The first type of coverage is “occurrence-based” professional liability insurance. Occurrence-based coverage provides lifetime coverage for incidents that occurred during the insurance policy period. This means that even if the policy lapses or is terminated, if a claim is made concerning an incident that occurred while the policy was in force, the claim is covered under the policy. Generally speaking, professional liability policies will define “occurrence” as the actual act or omission of the physician, not the injury of the patient.
A “claims-made” policy, on the other hand, only covers incidents that occurred and were reported during the policy period. If a claims-made policy is dropped or expires, any claims asserted thereafter are not covered, even if the incident occurred during the policy period. Where a physician’s professional liability policy is a claims-made policy, the physician (or his employer) may purchase an “extended reporting” endorsement, otherwise known as “tail” coverage, to cover claims asserted after the policy period.

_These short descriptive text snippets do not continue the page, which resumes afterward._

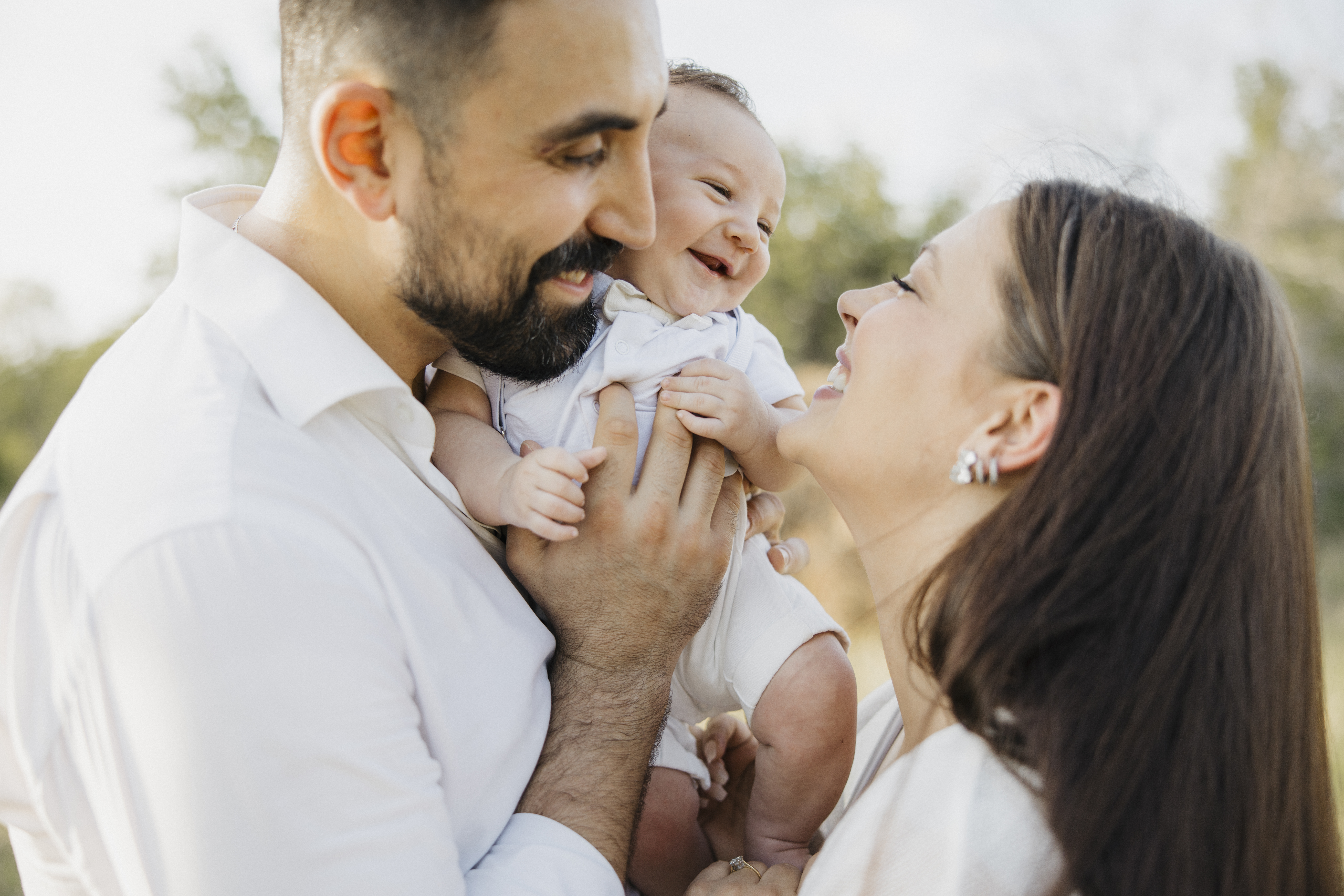 Parents in white smiling at their giggling baby held between them outdoors, captured during a Shoott family photoshoot.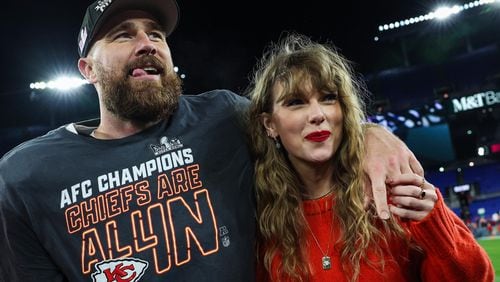 Kansas City Chiefs tight end Travis Kelce celebrates with his girlfriend, musician Taylor Swift, after defeating the Baltimore Ravens in the AFC Championship Game at M&T Bank Stadium on Jan. 28, 2024, in Baltimore. (Patrick Smith/Getty Images/TNS)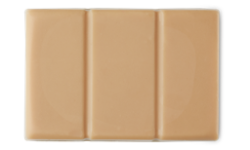 A medium creamy beige rectangular chocolate bar shaped block of solid sun cream oil, on a white background.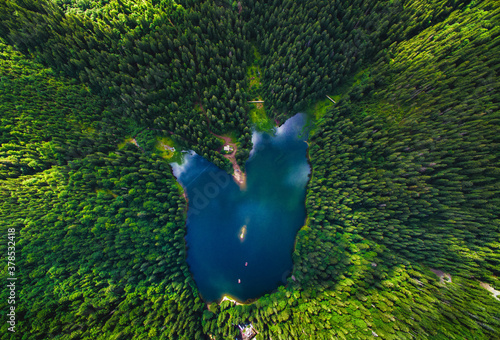 Aerial view of Lake Synevir in the Carpathian Mountains in Ukraine. Synevyr National Nature Park, Carpathians, Ukraine.  photo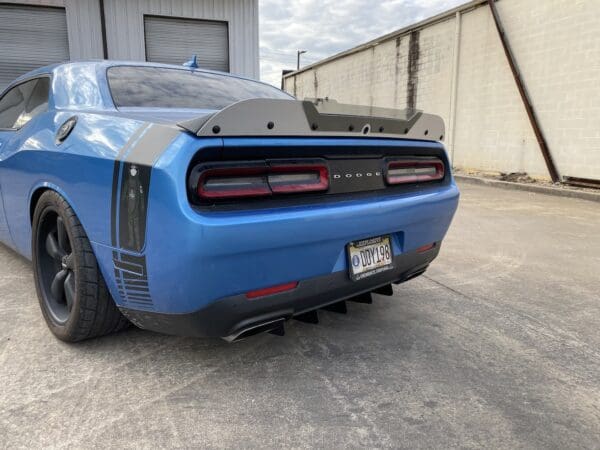 A blue car parked in front of a garage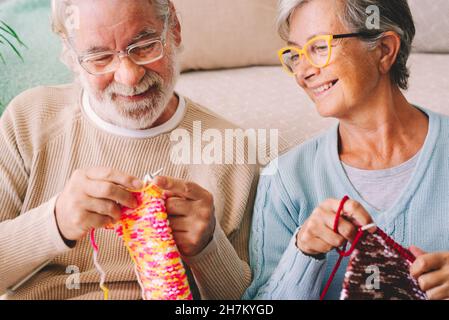 Lächelnde Frau, die zu Hause den Mann, der Wolle strickt, ansieht Stockfoto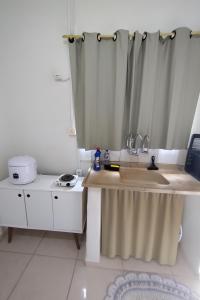 O bucătărie sau chicinetă la Edícula em São Pedro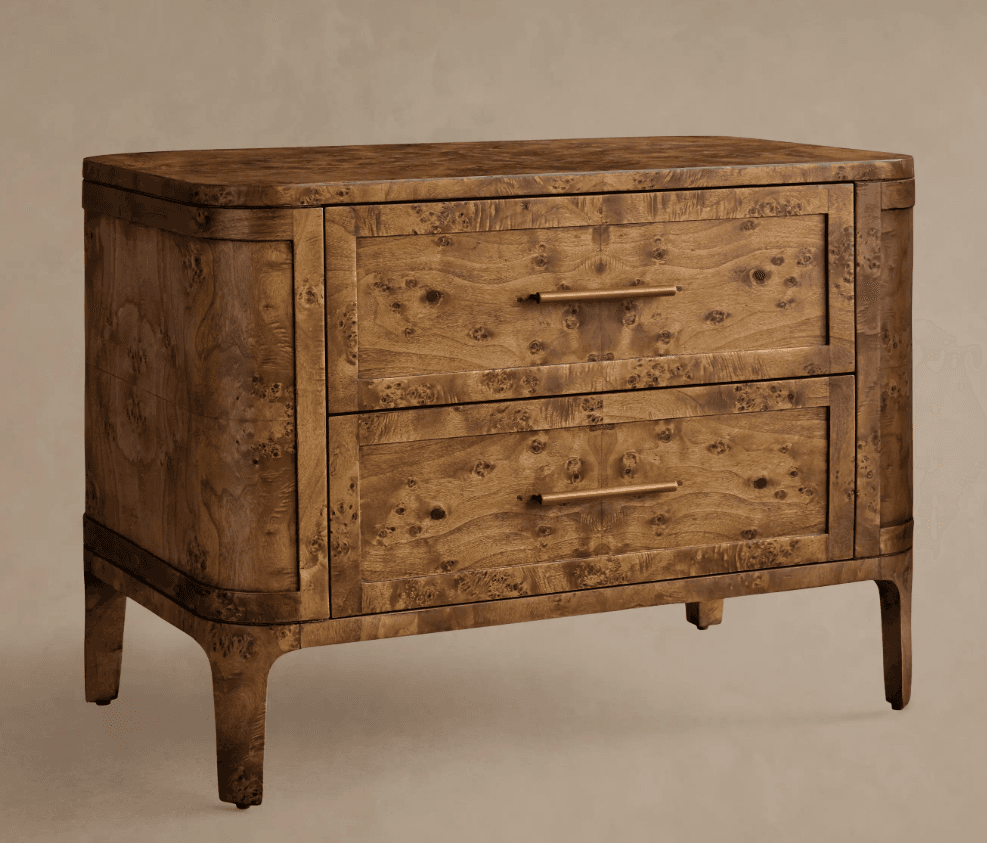 A compact two-drawer nightstand or side cabinet crafted from burl wood veneer, featuring a rich, intricate grain pattern. The piece has soft, rounded corners on its top and sides, and the base flows seamlessly into four short, tapered legs. It is equipped with two full-width drawers, each fitted with a slender, rectangular brass or bronze bar pull handle. — 3D model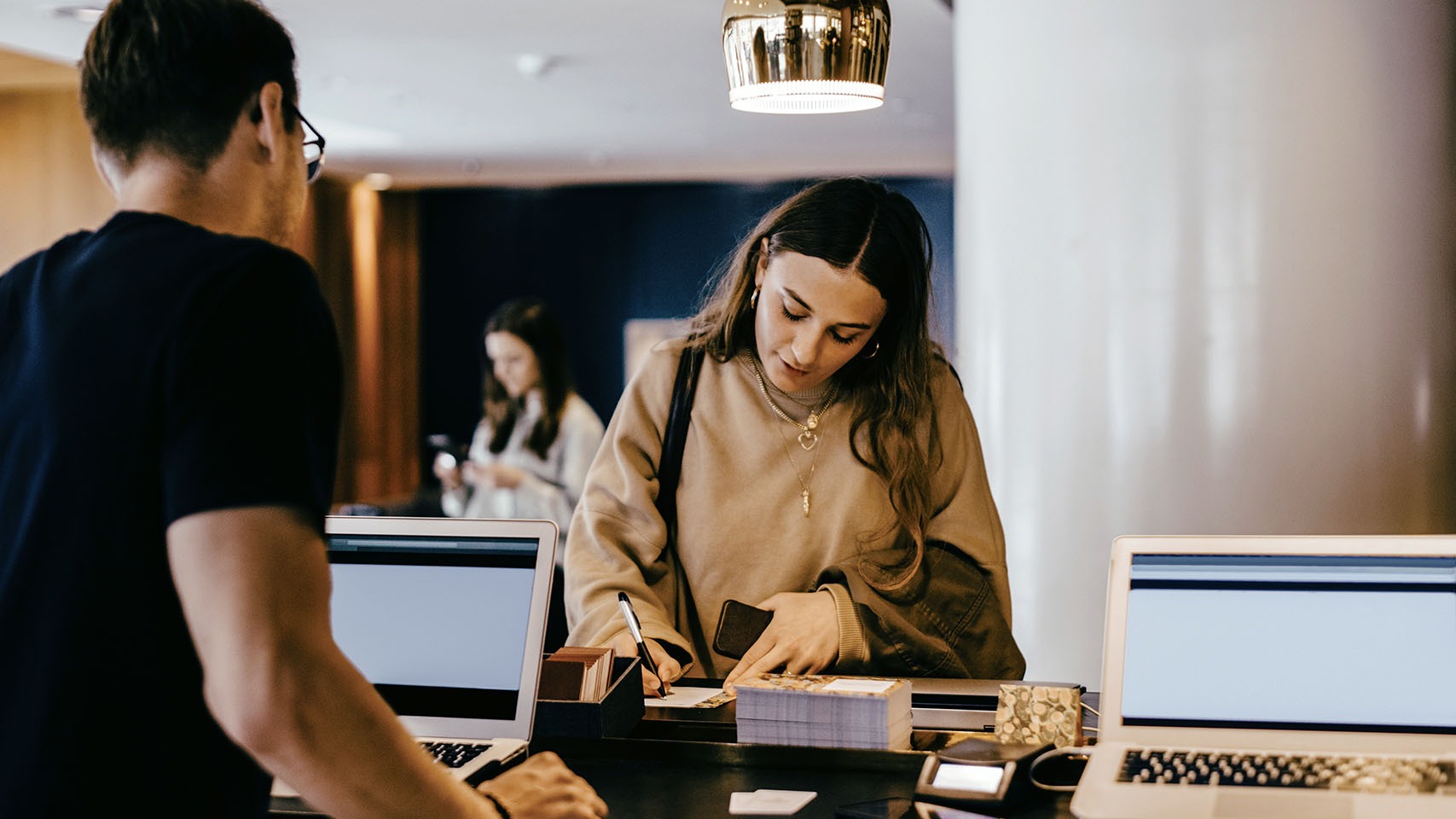 hotel receptionist helping a customer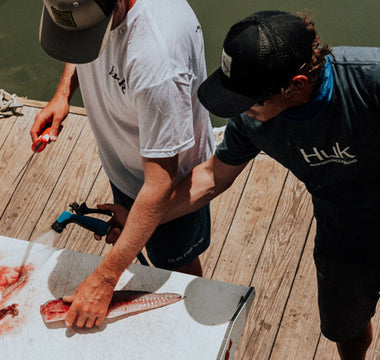 gutting fish on dock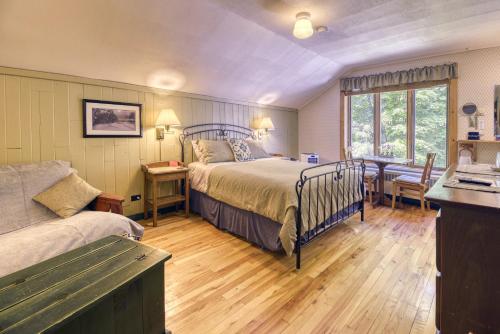 a bedroom with a bed and a table and a couch at Auberge Le Lupin-Self Check-in in Mont-Tremblant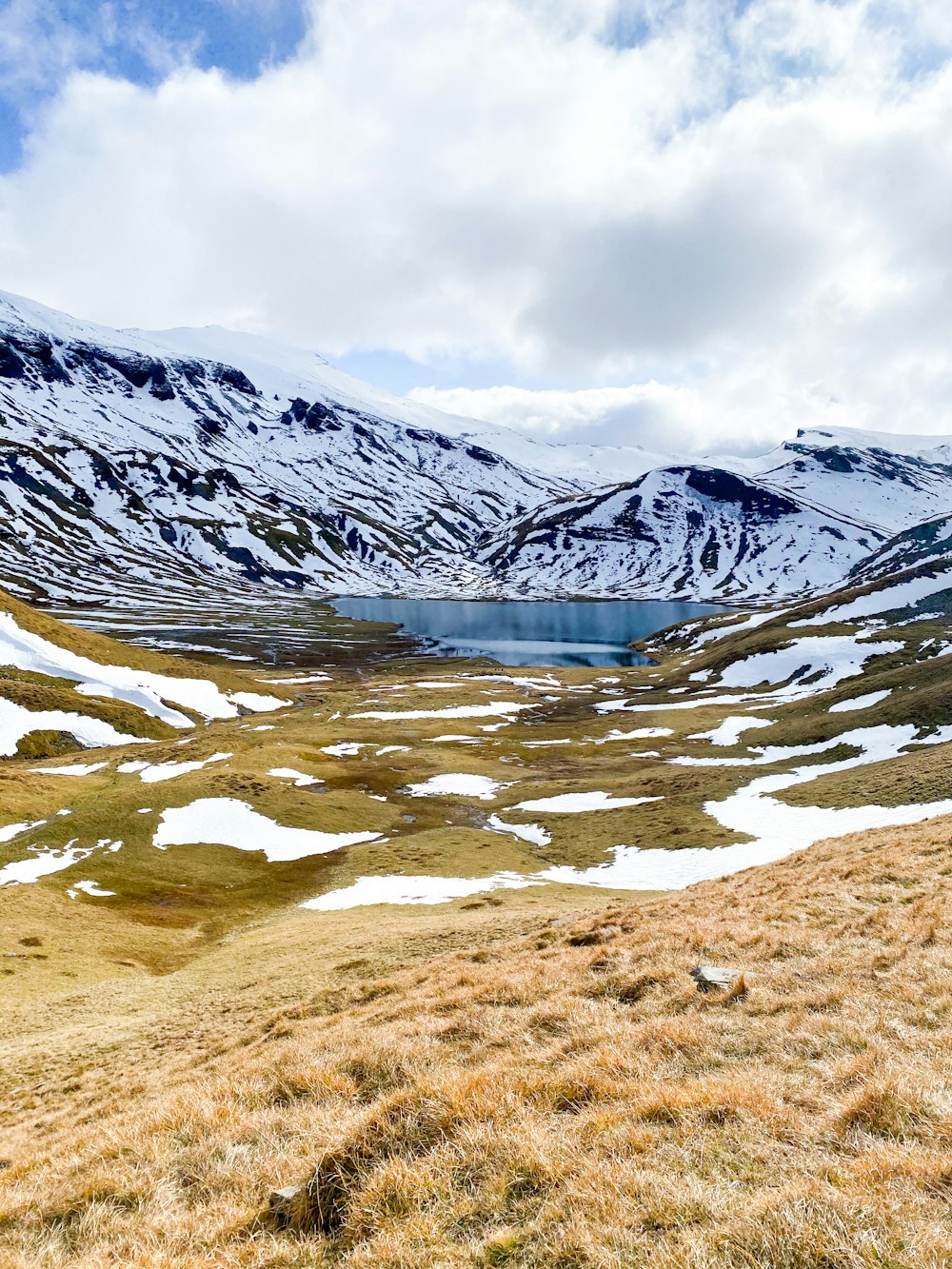 snow covered mountain near river during daytime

Tail coverage can be very expensive, however. Tail coverage typically must be purchased at the time the policy lapsed, and it requires a one-time premium payment that could be as high as 200%, or more, of the annual mature premium. The true advantage of claims-made coverage belongs to whoever pays the premiums, as premiums are lower in the first year and gradually rise to a mature price over the course of three to five years. This reflects the low risk of a claim being brought in the first year and the increased risk of claims as each year passes.
Today, many new physicians are offered claims-made insurance coverage instead of occurrence-based insurance when they sign on with a medical practice. While this presents a cost-savings to the practice, a new physician should be aware of the potential financial risks they will face down the road. If the physician changes insurance providers for any reason – whether due to practice relocation or a change in jobs – they will not be covered by their employer’s insurance if a claim is filed against them after they have left that employment. Therefore, the physician must anticipate the need to pay out of pocket for tail coverage at the end of the employment. Due to the high price of tail coverage, employment negotiations should include who will be responsible for purchasing the tail coverage in the event that a physician leaves the practice: the old employer or the new.
*Disclaimer: Thoughts shared here do not constitute legal advice.